### WHAT TO WORK ON
Stop after the line containing "Sổ Lò Xo 100GSM": print each line exactly from the first line of the listing up to that point.

### RECORDED DATA
⟨
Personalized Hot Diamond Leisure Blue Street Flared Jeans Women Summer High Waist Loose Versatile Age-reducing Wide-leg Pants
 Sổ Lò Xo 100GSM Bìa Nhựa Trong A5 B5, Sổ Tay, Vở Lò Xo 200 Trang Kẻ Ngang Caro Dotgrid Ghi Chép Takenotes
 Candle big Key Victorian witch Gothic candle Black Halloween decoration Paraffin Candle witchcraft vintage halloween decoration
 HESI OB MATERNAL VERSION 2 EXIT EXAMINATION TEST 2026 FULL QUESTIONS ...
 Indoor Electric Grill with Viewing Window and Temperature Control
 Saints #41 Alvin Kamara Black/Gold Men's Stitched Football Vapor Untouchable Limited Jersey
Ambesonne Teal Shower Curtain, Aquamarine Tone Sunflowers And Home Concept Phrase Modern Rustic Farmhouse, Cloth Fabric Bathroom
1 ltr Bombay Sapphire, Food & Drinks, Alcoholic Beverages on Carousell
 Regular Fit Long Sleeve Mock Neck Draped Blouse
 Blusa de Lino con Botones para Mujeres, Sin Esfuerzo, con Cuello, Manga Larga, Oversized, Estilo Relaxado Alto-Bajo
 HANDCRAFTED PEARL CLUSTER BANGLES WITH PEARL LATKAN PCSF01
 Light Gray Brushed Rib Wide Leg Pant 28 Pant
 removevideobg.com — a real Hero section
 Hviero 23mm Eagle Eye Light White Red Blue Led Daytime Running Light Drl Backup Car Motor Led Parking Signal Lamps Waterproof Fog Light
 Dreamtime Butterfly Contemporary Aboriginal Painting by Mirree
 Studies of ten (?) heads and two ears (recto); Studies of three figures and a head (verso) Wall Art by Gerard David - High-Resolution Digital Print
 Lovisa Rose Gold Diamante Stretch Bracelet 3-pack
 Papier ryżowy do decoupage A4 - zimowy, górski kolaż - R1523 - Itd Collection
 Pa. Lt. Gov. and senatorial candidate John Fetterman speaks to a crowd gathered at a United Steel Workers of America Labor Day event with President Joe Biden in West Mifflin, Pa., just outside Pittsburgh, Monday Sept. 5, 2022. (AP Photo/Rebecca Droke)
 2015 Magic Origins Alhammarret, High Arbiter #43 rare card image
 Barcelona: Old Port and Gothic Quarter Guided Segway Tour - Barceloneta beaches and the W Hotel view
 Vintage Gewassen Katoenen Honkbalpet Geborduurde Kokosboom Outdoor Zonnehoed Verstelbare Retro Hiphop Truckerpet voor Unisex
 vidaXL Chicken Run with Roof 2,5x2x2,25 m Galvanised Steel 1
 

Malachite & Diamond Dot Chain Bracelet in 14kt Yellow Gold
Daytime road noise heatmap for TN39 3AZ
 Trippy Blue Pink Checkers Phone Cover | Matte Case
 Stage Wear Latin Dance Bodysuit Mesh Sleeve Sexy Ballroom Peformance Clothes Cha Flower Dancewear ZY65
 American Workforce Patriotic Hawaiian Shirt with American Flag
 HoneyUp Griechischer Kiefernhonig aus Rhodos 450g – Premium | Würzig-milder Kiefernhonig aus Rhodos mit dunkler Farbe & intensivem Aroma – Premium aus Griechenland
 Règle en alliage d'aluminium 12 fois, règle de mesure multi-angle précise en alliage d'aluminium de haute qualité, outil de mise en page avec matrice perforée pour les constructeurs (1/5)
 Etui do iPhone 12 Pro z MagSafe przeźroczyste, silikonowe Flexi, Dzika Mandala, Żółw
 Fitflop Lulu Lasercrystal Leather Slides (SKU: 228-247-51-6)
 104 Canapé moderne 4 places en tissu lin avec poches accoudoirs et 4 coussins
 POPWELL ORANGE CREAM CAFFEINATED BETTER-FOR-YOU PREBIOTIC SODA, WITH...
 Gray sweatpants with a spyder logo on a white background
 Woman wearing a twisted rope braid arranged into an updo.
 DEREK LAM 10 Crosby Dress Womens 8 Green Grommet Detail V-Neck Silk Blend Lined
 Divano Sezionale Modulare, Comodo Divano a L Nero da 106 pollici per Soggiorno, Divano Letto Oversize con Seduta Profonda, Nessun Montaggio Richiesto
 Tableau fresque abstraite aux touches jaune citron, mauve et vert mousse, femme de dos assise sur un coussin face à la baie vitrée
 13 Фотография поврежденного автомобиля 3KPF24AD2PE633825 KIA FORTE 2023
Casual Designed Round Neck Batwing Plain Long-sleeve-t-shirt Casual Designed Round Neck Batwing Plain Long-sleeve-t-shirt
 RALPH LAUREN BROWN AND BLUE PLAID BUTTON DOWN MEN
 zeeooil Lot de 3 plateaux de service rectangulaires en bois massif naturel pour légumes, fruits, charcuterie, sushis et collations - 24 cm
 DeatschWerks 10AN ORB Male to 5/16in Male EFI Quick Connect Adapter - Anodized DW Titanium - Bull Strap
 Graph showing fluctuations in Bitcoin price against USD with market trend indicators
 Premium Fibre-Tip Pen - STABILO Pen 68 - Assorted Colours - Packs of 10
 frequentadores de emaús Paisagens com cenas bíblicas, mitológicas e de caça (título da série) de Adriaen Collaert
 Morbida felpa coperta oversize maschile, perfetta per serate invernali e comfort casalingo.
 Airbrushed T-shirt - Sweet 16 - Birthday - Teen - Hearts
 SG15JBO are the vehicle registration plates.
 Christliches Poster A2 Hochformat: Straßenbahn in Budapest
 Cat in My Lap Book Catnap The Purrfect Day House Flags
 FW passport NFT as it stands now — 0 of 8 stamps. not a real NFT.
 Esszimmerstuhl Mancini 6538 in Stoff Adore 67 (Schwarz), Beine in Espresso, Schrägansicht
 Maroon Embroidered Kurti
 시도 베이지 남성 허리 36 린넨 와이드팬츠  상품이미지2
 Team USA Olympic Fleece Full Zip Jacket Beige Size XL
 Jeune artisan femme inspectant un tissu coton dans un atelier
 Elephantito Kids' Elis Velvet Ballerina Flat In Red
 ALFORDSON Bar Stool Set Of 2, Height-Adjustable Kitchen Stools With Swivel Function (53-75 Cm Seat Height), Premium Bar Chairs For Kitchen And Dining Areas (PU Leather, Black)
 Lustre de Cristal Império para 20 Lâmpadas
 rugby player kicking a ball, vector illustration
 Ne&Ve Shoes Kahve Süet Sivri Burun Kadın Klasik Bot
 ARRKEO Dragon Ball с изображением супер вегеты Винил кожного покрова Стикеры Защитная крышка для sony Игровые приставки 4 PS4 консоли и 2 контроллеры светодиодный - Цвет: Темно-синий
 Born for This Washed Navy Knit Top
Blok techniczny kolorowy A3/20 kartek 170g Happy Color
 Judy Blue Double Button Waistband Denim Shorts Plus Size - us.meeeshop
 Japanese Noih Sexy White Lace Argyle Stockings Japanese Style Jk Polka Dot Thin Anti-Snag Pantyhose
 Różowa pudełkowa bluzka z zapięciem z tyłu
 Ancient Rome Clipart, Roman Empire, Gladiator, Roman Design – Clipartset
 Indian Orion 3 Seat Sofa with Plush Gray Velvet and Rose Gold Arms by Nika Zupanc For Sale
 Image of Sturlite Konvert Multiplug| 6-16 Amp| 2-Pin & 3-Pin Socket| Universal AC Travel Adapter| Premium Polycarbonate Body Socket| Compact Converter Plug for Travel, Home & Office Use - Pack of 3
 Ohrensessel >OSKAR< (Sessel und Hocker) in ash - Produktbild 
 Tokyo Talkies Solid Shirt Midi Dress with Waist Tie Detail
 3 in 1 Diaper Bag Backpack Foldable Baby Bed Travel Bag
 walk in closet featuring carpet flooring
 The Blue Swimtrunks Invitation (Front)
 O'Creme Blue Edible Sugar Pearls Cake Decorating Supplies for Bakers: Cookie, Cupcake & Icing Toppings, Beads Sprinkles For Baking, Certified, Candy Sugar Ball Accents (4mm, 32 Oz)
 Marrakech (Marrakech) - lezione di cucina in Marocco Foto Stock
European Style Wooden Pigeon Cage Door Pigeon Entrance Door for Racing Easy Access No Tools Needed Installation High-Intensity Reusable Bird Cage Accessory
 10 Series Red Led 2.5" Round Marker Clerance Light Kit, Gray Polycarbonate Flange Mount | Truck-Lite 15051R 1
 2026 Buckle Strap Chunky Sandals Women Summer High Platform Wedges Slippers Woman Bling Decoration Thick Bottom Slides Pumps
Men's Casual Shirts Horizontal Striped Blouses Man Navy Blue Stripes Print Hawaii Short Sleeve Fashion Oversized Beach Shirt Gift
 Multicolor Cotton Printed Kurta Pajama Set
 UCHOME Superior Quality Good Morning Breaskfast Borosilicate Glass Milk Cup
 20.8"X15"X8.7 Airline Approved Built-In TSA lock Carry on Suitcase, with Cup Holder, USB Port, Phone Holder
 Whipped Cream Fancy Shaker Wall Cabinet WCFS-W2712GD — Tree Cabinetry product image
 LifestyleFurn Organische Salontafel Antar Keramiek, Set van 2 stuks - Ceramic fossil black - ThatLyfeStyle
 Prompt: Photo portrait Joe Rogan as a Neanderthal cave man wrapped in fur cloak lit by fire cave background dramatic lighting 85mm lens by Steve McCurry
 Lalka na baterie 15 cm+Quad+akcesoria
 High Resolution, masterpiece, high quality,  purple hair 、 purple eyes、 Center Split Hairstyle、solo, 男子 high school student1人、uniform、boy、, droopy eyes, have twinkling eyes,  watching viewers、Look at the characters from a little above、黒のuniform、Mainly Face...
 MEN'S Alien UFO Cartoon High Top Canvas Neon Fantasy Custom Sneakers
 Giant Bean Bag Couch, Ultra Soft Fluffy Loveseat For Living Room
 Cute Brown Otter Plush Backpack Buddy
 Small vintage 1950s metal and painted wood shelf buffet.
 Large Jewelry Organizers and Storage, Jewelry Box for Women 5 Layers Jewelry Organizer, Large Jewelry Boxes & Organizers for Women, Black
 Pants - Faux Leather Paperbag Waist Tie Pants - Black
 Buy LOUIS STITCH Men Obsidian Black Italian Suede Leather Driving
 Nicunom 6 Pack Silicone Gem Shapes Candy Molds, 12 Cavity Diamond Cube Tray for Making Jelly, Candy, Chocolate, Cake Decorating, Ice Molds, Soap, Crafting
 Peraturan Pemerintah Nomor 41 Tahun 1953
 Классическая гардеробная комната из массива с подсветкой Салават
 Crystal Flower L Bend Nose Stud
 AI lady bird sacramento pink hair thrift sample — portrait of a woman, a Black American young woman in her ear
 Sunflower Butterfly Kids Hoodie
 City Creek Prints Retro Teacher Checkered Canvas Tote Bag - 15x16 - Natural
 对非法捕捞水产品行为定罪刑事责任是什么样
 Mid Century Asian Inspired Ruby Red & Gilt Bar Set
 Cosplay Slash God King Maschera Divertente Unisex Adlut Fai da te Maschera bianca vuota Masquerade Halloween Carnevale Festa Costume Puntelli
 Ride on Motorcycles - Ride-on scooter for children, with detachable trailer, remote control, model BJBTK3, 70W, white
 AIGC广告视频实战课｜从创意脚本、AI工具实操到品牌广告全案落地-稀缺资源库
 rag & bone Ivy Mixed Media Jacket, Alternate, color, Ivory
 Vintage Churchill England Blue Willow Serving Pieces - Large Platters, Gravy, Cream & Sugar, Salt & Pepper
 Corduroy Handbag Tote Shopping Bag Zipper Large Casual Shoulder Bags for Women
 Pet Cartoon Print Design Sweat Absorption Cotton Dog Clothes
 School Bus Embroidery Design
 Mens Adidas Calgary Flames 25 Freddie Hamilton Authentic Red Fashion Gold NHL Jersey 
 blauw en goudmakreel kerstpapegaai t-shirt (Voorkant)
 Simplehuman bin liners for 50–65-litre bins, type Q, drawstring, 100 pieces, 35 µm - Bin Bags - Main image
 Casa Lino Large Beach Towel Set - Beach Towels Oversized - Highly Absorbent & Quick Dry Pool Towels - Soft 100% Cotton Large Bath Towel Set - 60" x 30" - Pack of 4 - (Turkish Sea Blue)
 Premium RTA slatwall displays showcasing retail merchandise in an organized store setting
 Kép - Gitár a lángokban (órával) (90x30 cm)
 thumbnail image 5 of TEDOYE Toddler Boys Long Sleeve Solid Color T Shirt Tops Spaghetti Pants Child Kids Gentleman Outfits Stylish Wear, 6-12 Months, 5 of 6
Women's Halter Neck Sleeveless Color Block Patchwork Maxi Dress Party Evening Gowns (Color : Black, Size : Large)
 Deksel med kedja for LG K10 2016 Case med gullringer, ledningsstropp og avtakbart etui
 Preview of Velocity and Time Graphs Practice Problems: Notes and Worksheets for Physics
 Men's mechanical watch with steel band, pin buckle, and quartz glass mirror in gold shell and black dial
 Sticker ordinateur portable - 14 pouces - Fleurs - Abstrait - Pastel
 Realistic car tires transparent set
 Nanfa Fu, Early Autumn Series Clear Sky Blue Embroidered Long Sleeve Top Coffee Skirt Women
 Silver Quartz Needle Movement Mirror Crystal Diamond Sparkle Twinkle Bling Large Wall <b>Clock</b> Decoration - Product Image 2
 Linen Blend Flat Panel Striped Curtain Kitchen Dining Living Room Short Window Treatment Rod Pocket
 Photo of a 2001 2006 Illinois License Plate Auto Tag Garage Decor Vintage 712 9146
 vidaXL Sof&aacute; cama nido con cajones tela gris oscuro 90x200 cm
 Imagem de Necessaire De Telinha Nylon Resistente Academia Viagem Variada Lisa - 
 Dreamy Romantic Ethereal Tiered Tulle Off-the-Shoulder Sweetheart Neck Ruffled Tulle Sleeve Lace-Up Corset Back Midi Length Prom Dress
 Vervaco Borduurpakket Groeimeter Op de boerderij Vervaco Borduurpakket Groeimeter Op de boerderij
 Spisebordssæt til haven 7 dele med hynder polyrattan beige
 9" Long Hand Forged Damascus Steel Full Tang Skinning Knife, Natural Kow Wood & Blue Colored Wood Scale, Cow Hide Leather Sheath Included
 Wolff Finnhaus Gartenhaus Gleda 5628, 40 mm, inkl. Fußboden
⟩
### SOLVED PROBLEM
Personalized Hot Diamond Leisure Blue Street Flared Jeans Women Summer High Waist Loose Versatile Age-reducing Wide-leg Pants
 Sổ Lò Xo 100GSM Bìa Nhựa Trong A5 B5, Sổ Tay, Vở Lò Xo 200 Trang Kẻ Ngang Caro Dotgrid Ghi Chép Takenotes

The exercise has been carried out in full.